Zum ersten Male fühlt nun die jugendliche Seele so recht ihre Freiheit und fühlt sie folglich doppelt. Sie strebt nach Wirksamkeit, beginnt ihr eigenes Ich zu begreifen, das ja geprüft und nicht zu leicht befunden ist, und wird noch von all den ungetäuschten Träumen des Kindes umgaukelt. Nicht Liebesglück, nicht Begeisterung für Kunst und Wissenschaft elektrisirt so alle Nerven, wie das Bewußtsein: Nun bin ich Student!

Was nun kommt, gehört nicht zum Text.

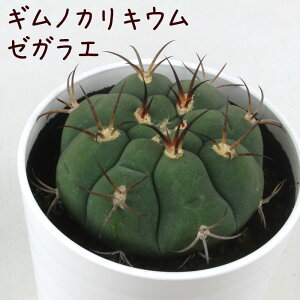 ギムノカリキウム・ゼガラエ【観葉植物 サボテン 多肉植物 インテリア グリーン 卓上 デスク テーブル おしゃれ かわいい 新生活 ギフト 誕生日 ベランダ ガーデニング プレゼント 仙人掌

Dieser Frühlingstag des Lebens, an welchem die Eisdecke der Schule gesprengt wird, der Baum der Hoffnungen Knospen treibt, die warme Frühlingssonne leuchtet, fällt bekanntlich bei uns in Dänemark in den Monat October, gerade, wenn die Natur ihres Laubes entkleidet wird, wenn die Abende beginnen dunkler zu werden und sich das Wintergewölk dichter zusammenzieht, recht als wollte es der Jugend zurufen: »Euer Frühling, der aus dem Examen hervorsprießt, ist nur ein Traum! Gerade nun werdet ihr erst recht den Ernst des Lebens kennen lernen!« Allein daran denkt die glückliche Jugend nicht, und wir wollen es ebenfalls nicht, wollen vielmehr mit den Fröhlichen fröhlich sein und ihren Kreis mit Vorliebe aufsuchen. In einem solchen nimmt unsere Erzählung ihren Anfang.